- _Your goal_: Set down each line of the data below exactly as it stands, dropping the pictures.

- _Dataset extract_:
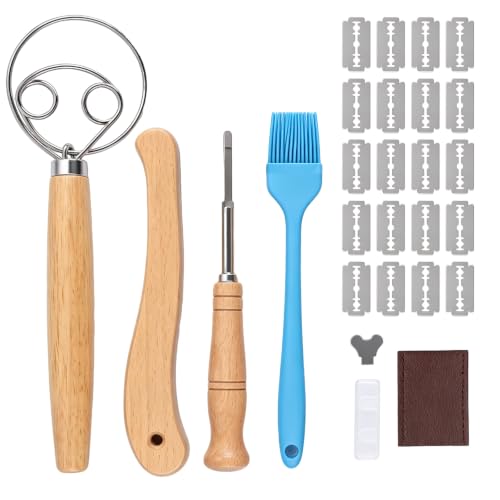 Carehabi Set de cuchillos de panadero y mezclador de masa, batidor danés, 2 cuchillos para pan para cortes rectos y curvos, incluye 20 cuchillas, pincel de silicona y fundas protectoras.
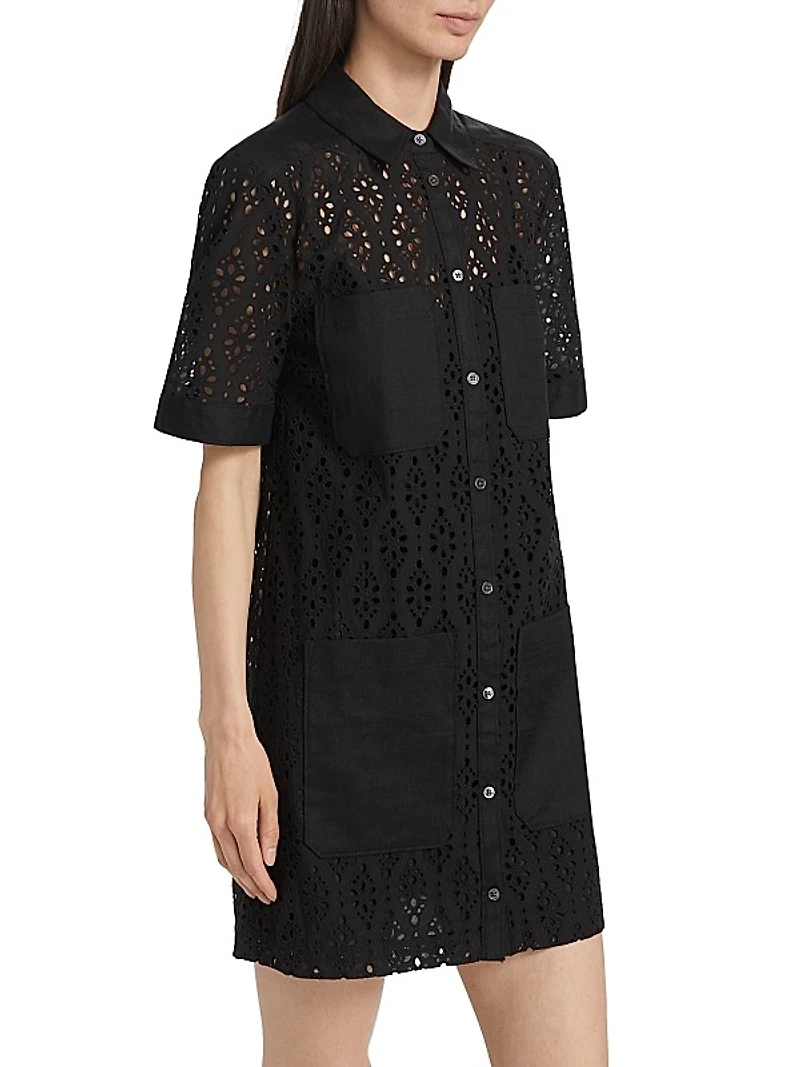 Rafaela Eyelet Mini Shirtdress
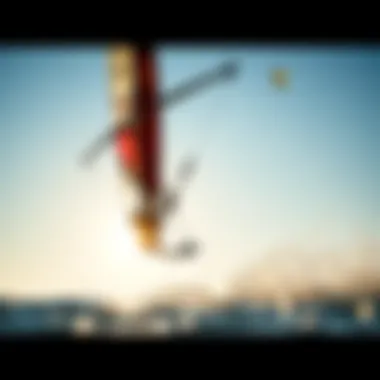 Intricate Hydrofoil Design Detailed view of a hydrofoil setup showcasing its intricate design.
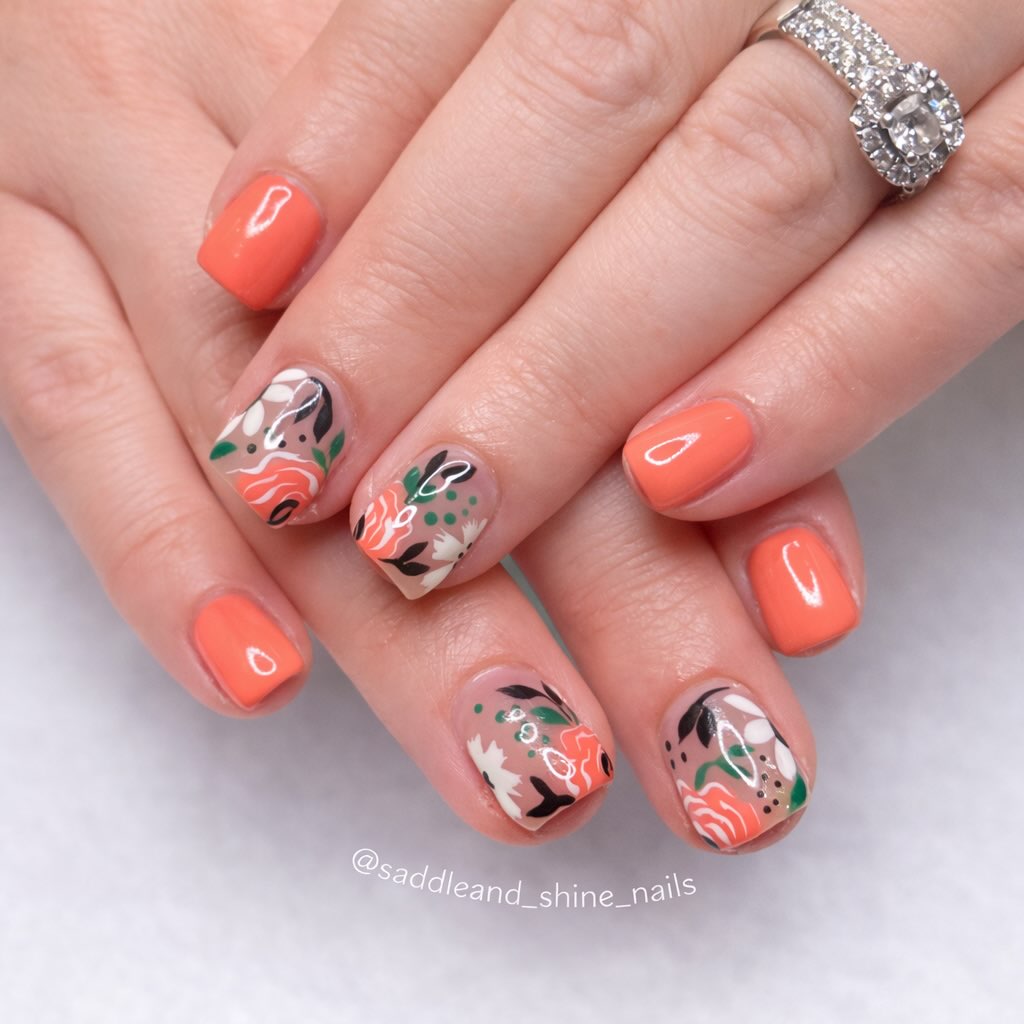 Coral nails with botanical garden floral art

- _Exercise output_:
 Carehabi Set de cuchillos de panadero y mezclador de masa, batidor danés, 2 cuchillos para pan para cortes rectos y curvos, incluye 20 cuchillas, pincel de silicona y fundas protectoras.
 Rafaela Eyelet Mini Shirtdress
 Intricate Hydrofoil Design Detailed view of a hydrofoil setup showcasing its intricate design.
 Coral nails with botanical garden floral art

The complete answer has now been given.